Skip every picture. Print each line from the one containing "Peatbynisa A313 เซทกระโปรงอัดพลีท" through the end of the records below, word for word.

Captioned web image data
/---

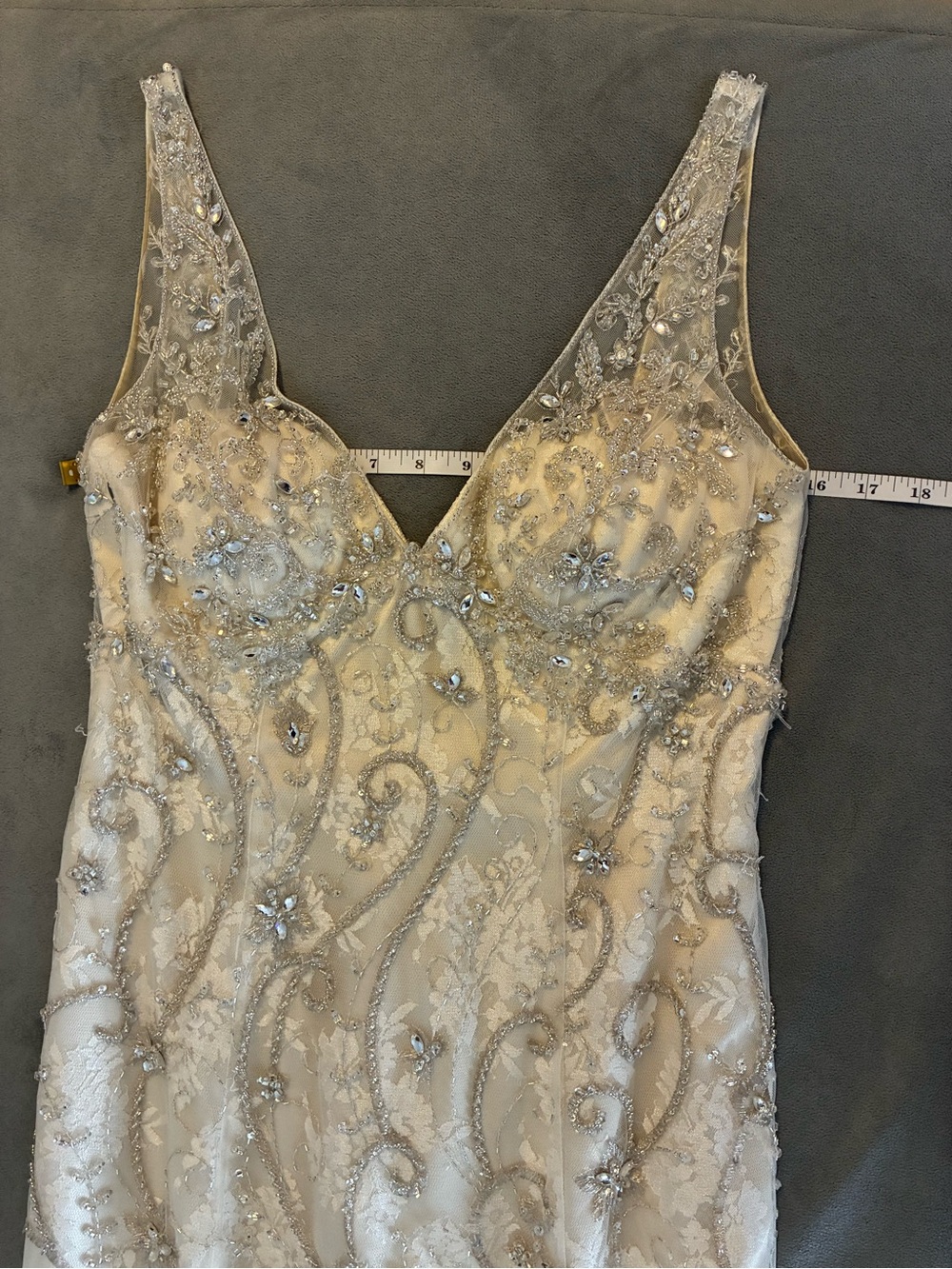 Beaded Ivory Lace Evening Dress with V-Neck - Picture 6 of 11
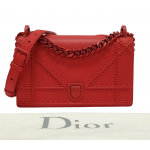 Dior Red Studded Leather Diorama Flap Bag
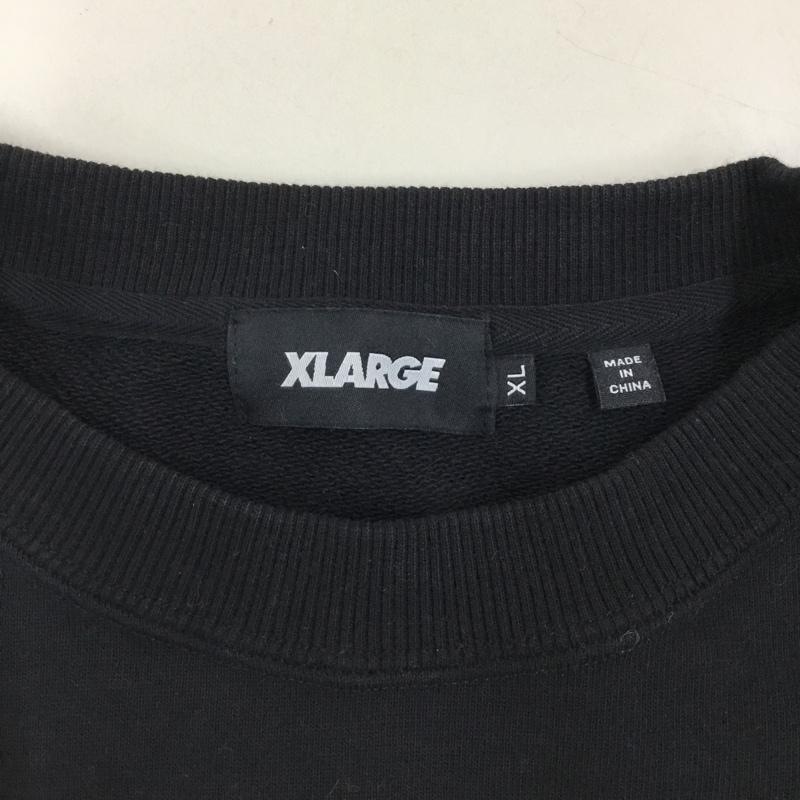 エクストララージ XLARGE トレーナー 長袖 101214012007 Records Crew Neck Sweat スウェット XL ロゴ、文字 黒 / ブラック /  メンズ USED 古着 中古 10121017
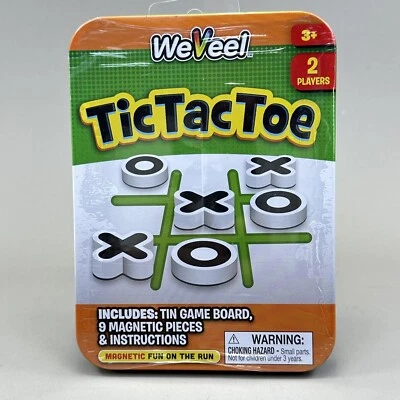 Magnetic TIC TAC TOE Travel Set Tin Game Board w/ 9 Magnetic Pieces - Brand New - Image 1 of 4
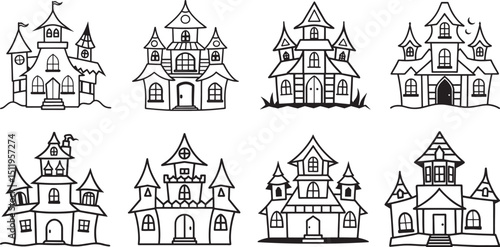 set of spooky haunted house line art, black outline, vector and illustration, coloring book page line art drawing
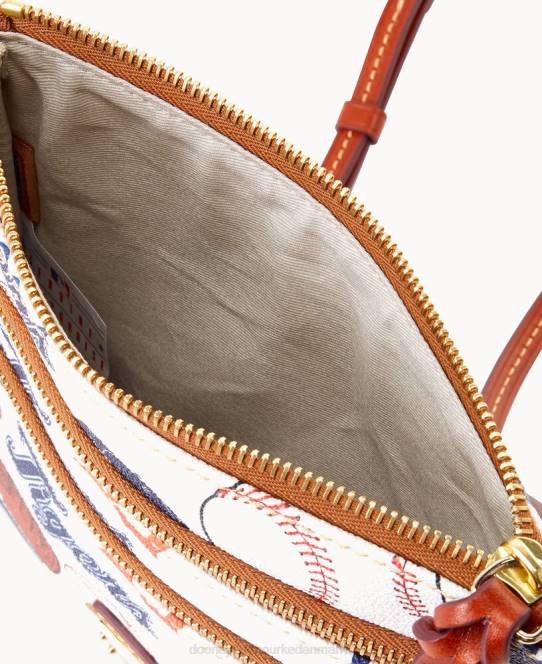 Dooney & Bourke mlb n s tredobbelt lynlås crossbody JV0J1876 poser tigre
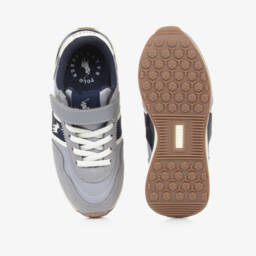 رالف لورين-حذاء رياضي جلد صناعي وكانفاس لون رمادي للأولاد | Childrensalon Outlet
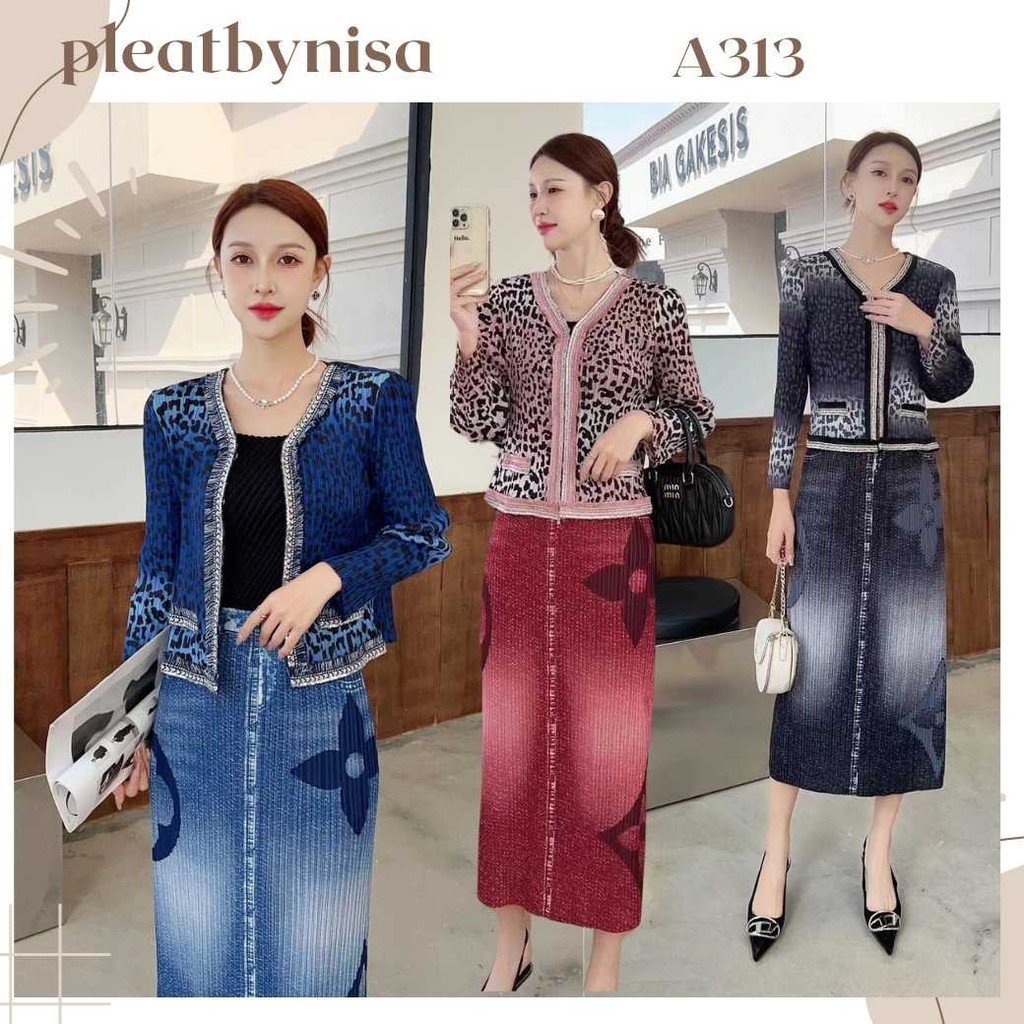 Peatbynisa A313 เซทกระโปรงอัดพลีท เนื้อผ้าPolyester100%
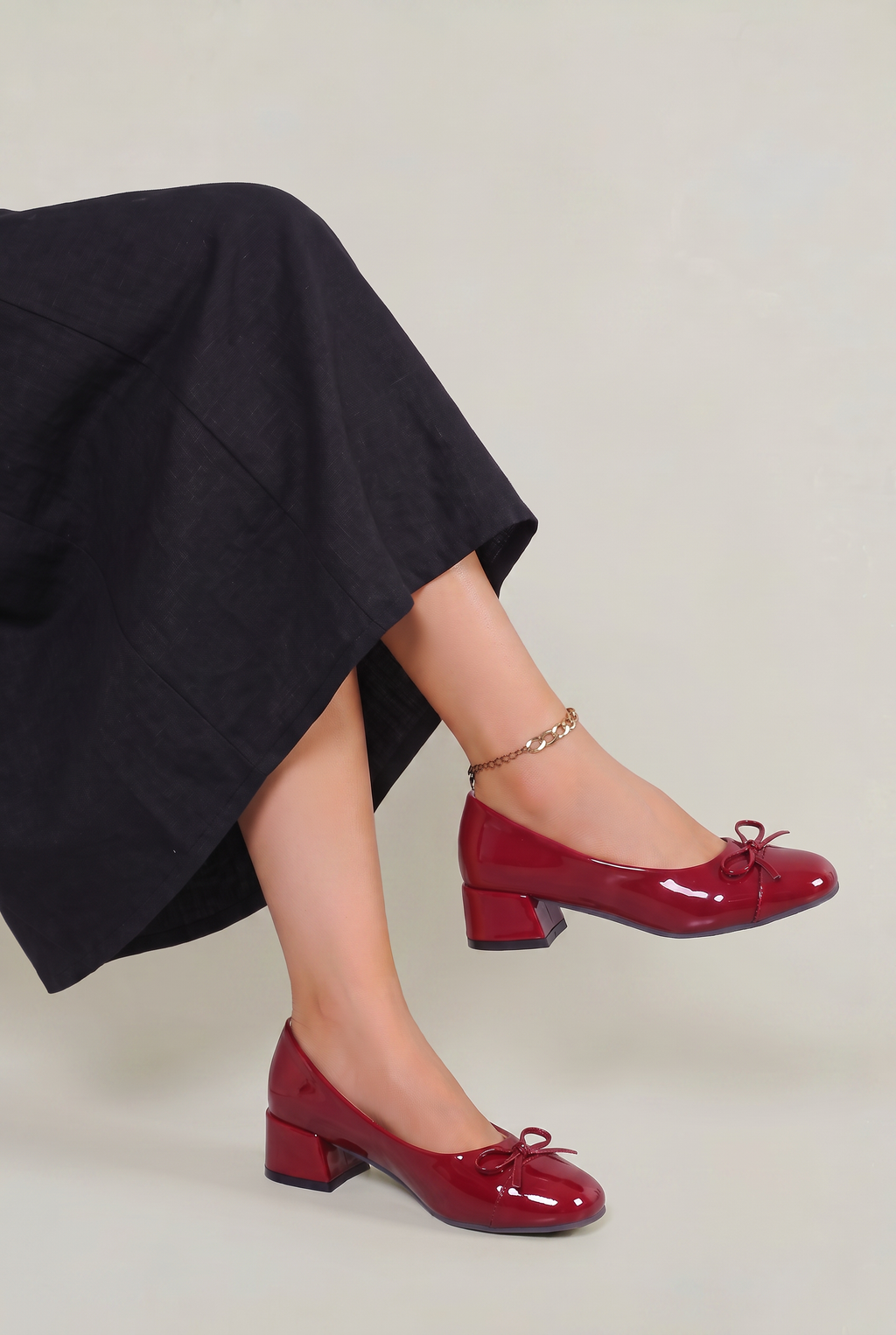 Women’s Patent Bow Block Heel Ballet Pumps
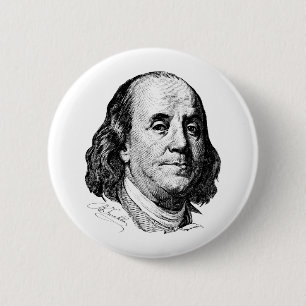 Benjamin Franklin Ronde Button 5,7 Cm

\---

COMPLETED EXERCISE
 Peatbynisa A313 เซทกระโปรงอัดพลีท เนื้อผ้าPolyester100%
 Women’s Patent Bow Block Heel Ballet Pumps
 Benjamin Franklin Ronde Button 5,7 Cm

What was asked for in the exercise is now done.